**What is expected**
With the images removed, transcribe the listing that follows exactly.

**Exercise data**

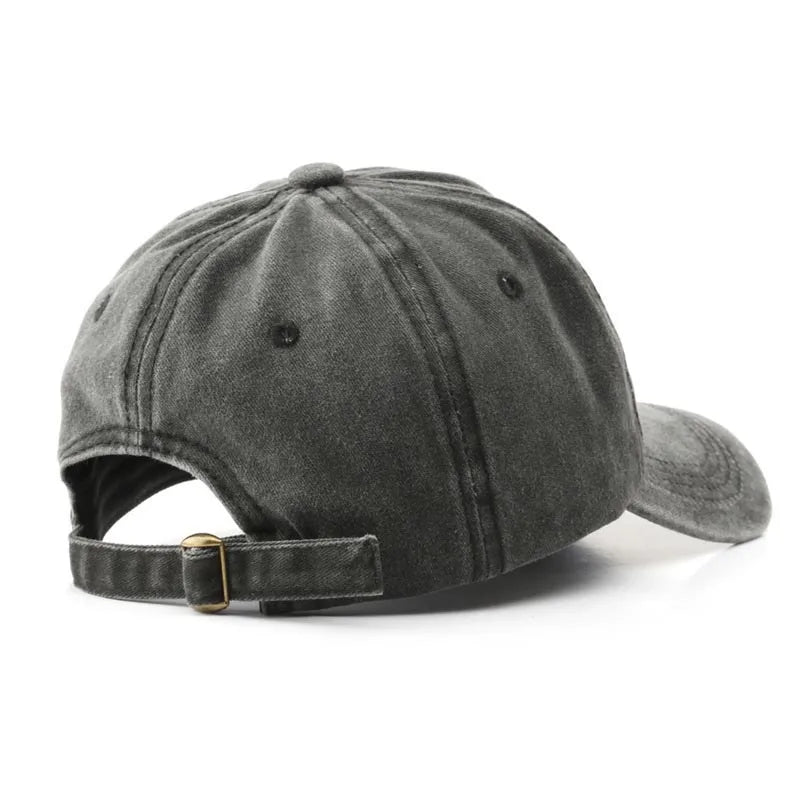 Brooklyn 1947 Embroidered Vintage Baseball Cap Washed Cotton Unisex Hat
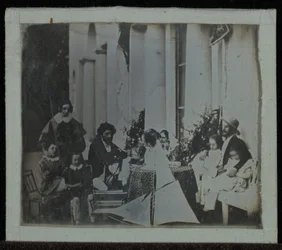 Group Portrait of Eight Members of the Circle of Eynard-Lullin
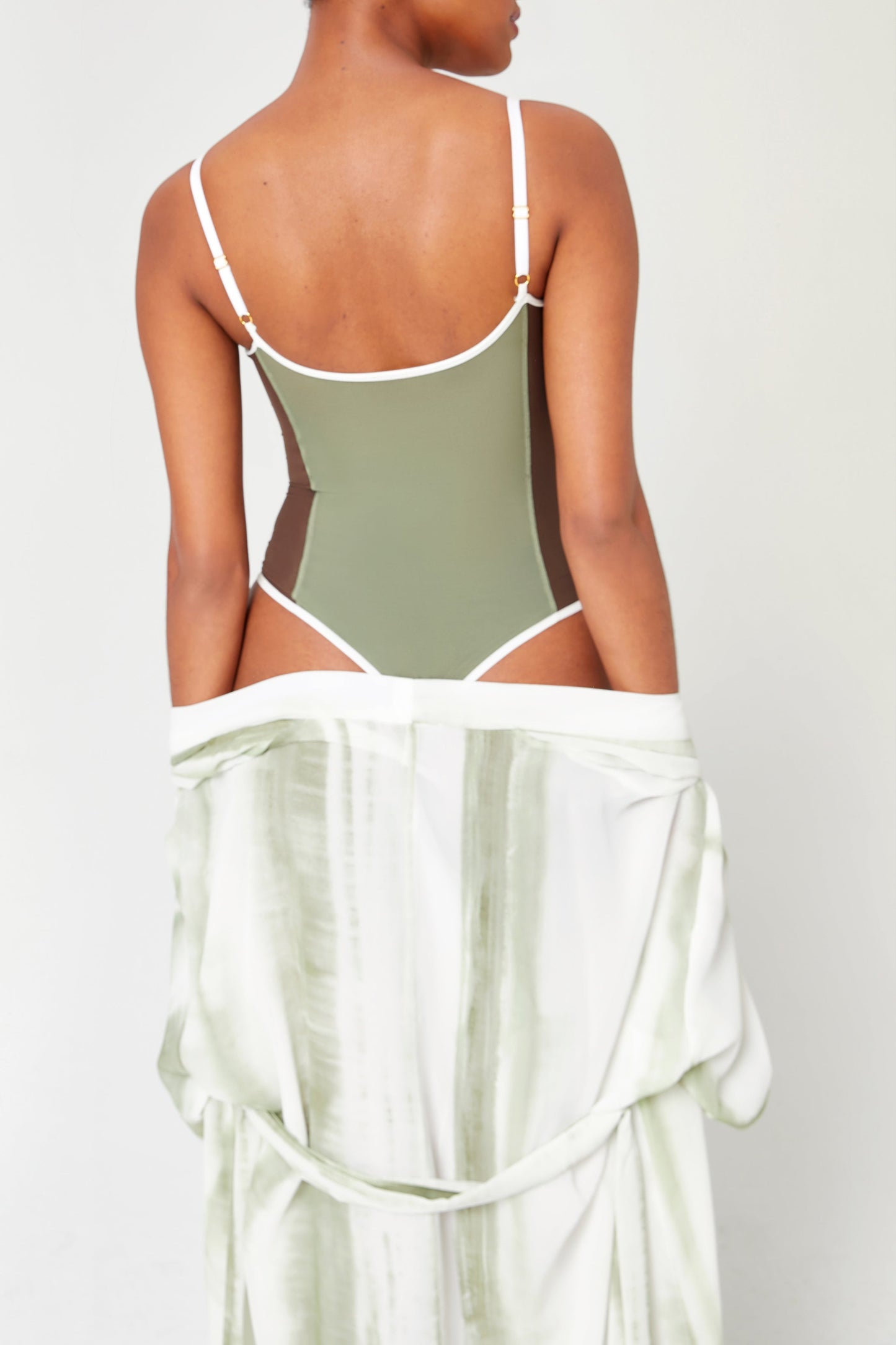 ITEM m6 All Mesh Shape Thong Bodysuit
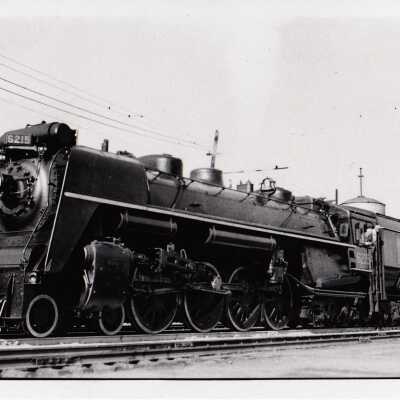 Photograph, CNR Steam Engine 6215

**Solution**
 Brooklyn 1947 Embroidered Vintage Baseball Cap Washed Cotton Unisex Hat
 Group Portrait of Eight Members of the Circle of Eynard-Lullin
 ITEM m6 All Mesh Shape Thong Bodysuit
 Photograph, CNR Steam Engine 6215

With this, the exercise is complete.